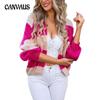 Autumn and Winter Women's Cardigan Sweater Patchwork Colour Block Cardigan Knit Jacket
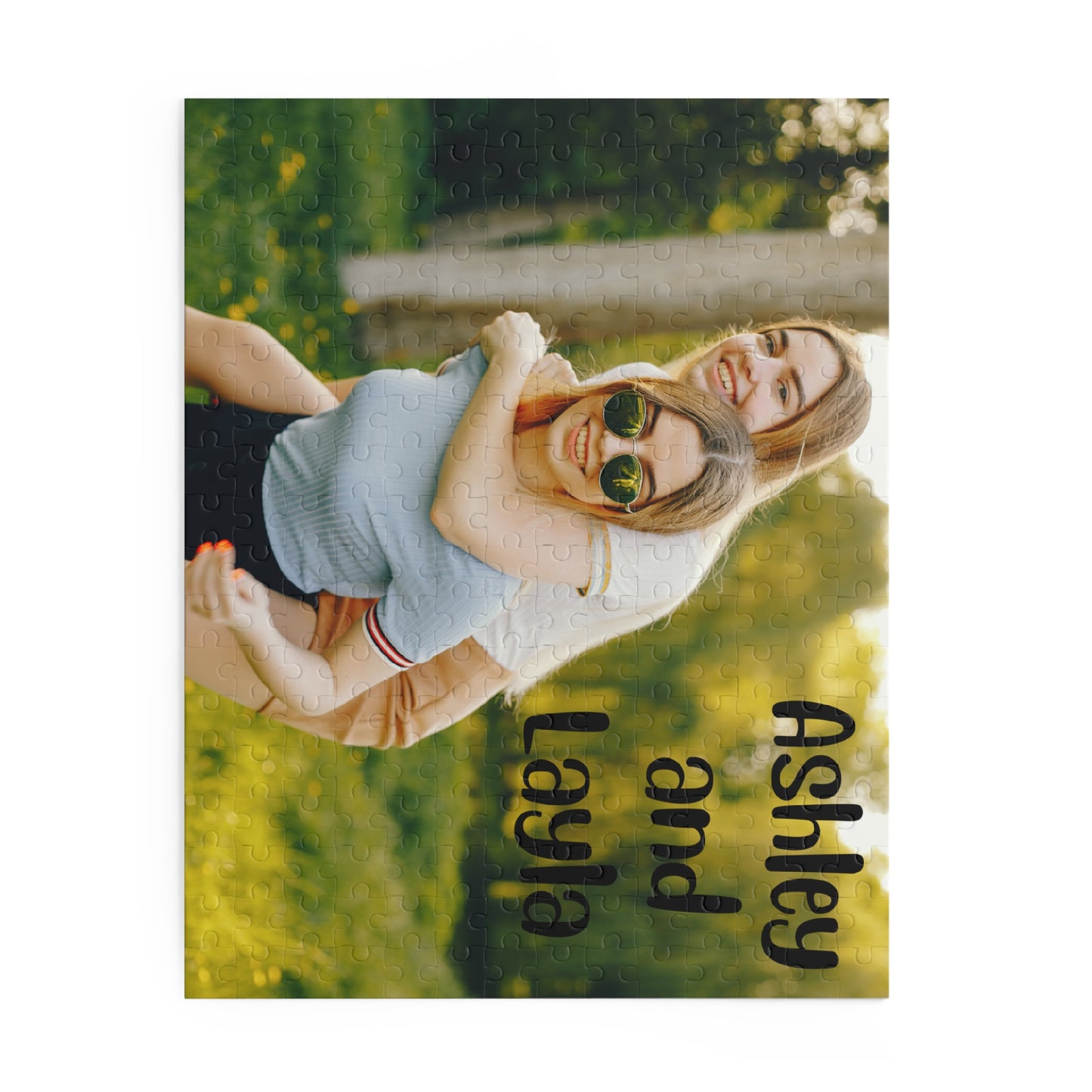 Personalized Photo Puzzle — Custom Names "Ashley and Layla" (120/252/500-Piece)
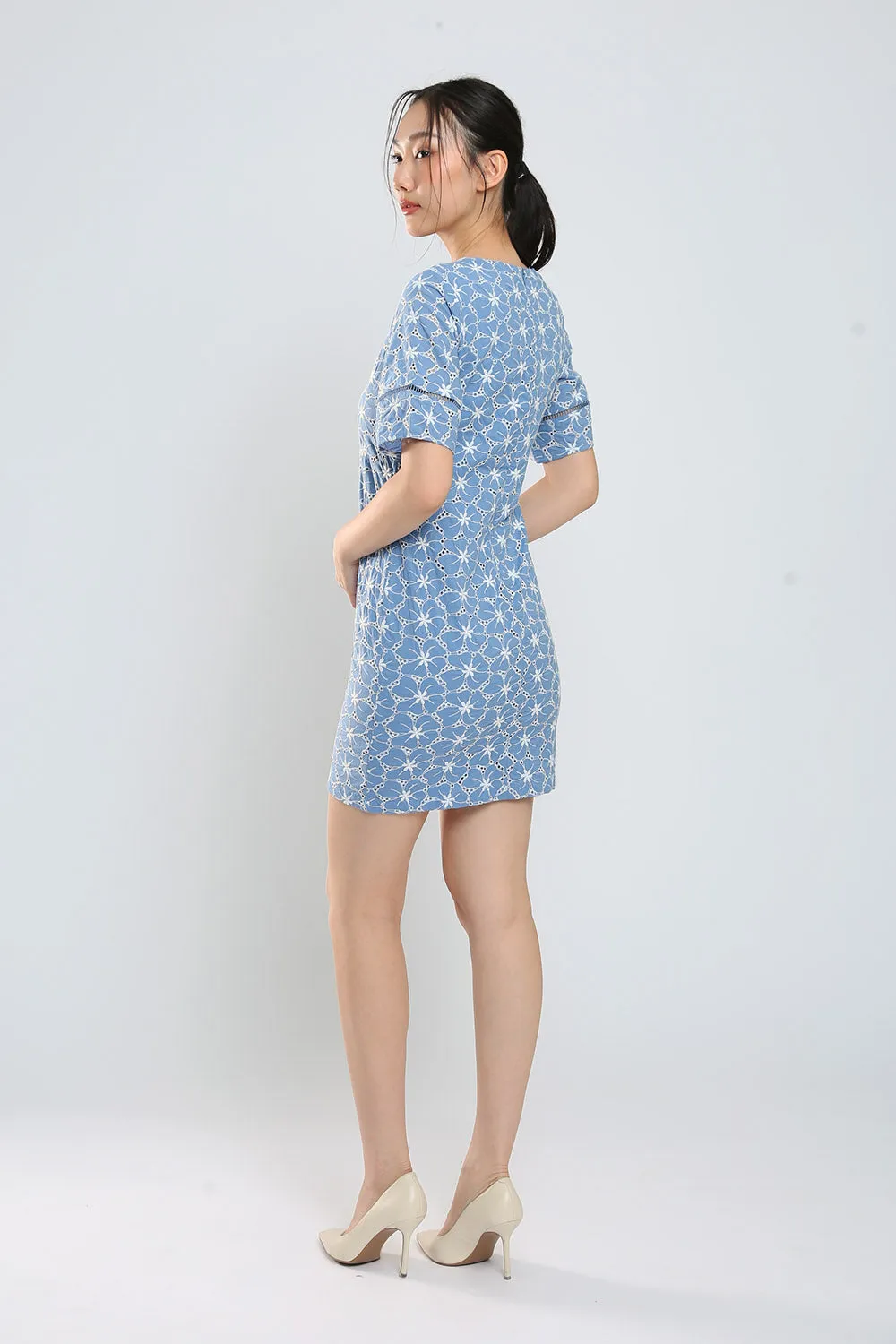 Corey Midi Dress in Blue Eyelet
-*-
Instructions to follow
After locating the line that contains "Personalized Photo Puzzle", output it and all later lines through the end of the material exactly, leaving out pictures.

Final answer
 Personalized Photo Puzzle — Custom Names "Ashley and Layla" (120/252/500-Piece)
 Corey Midi Dress in Blue Eyelet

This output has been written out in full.